Explainability is thus a necessary but insufficient condition for effective supervision. What narrows the gap between the two is metacognitive maturity.
Three Implications for AI Governance
If metacognitive maturity is a genuine and variable attribute of human operators, then governance frameworks that impose explainability without considering operators’ metacognition are simply incomplete. According to scientific literature—include explainable AI, human-automation interaction, cognitive sciences, psychology, humanities, and social sciences—three implications can be stated:
– Transparency focused on documentation is insufficient. This is not intuition: research has shown this for thirty years. Thus, documenting and explaining a system’s behavior is not enough to ensure good human decisions without involving individuals in the design processes of these explanations and documentation and considering the context of business needs at the moment. Controlled studies have even shown that “too much explanation” can degrade human-AI team performance by drowning out relevant information in noise. – The metacognitive qualification of operators should be considered a component of AI governance. This is a gap that research has started to identify, without any standards having been formalized yet.

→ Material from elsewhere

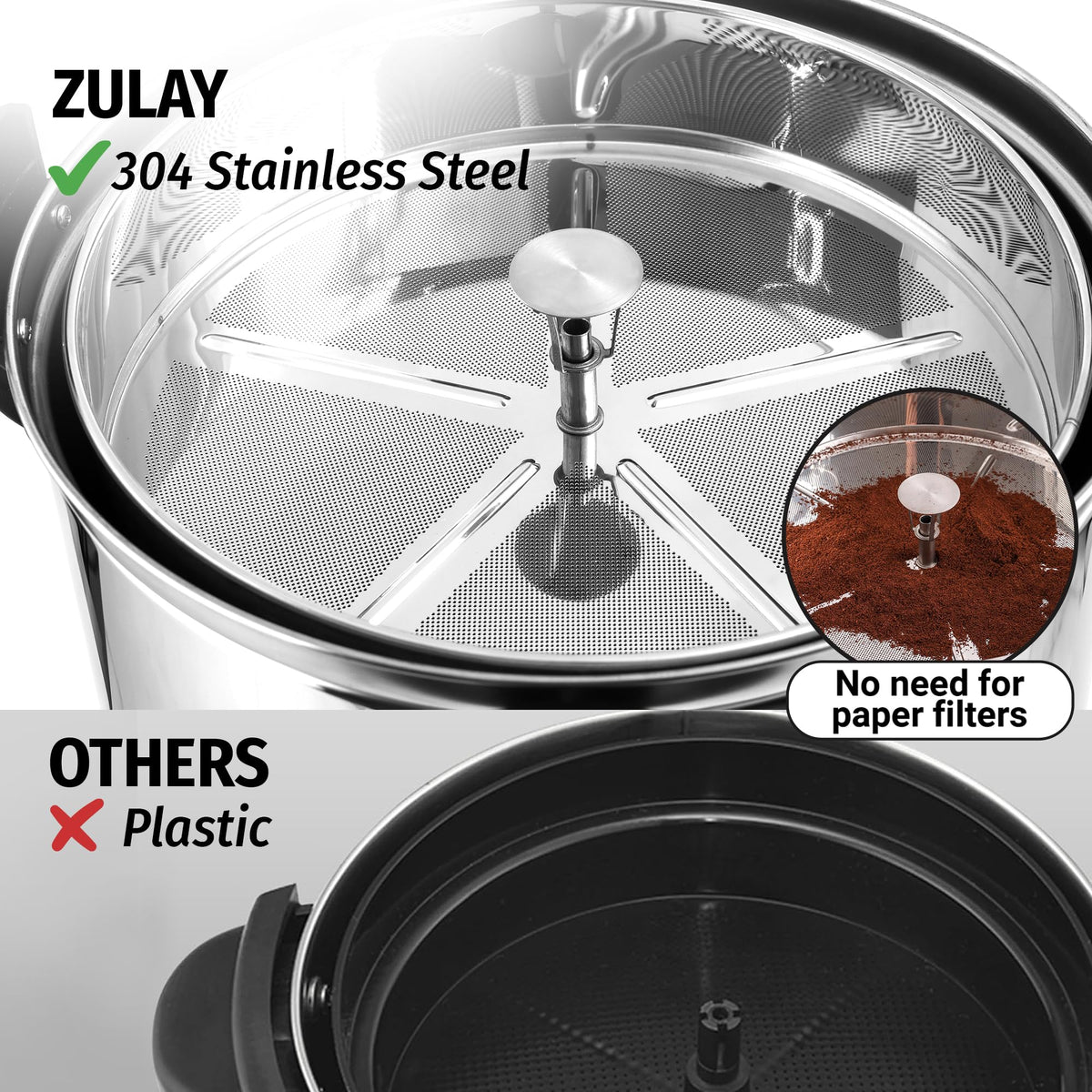 Zulay Kitchen heat-and-keep-warm indicator signals when coffee is ready to serve.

Specifically, regulatory texts like the AI Act require that human supervisors be “competent,” but without ever defining what that means—and particularly, no framework evaluates what researchers call metacognitive competence, the ability to detect failures in one’s own reasoning when faced with an opaque system, a competence that comes from training and context, not raw intelligence. An important clarification is needed here. Discussing the metacognitive qualification of operators does not question the value or intelligence of people supervising AI systems. Nor does it rank humans based on their ability to “think well.” Metacognition is neither a personality trait nor an indicator of worth. It is a situational competence, sensitive to context, training, cognitive load, and working conditions. For example, an experienced surgeon may demonstrate excellent metacognitive calibration in their field and be just as susceptible to automation bias as a beginner facing an opaque AI system in a context for which they have not received specific training.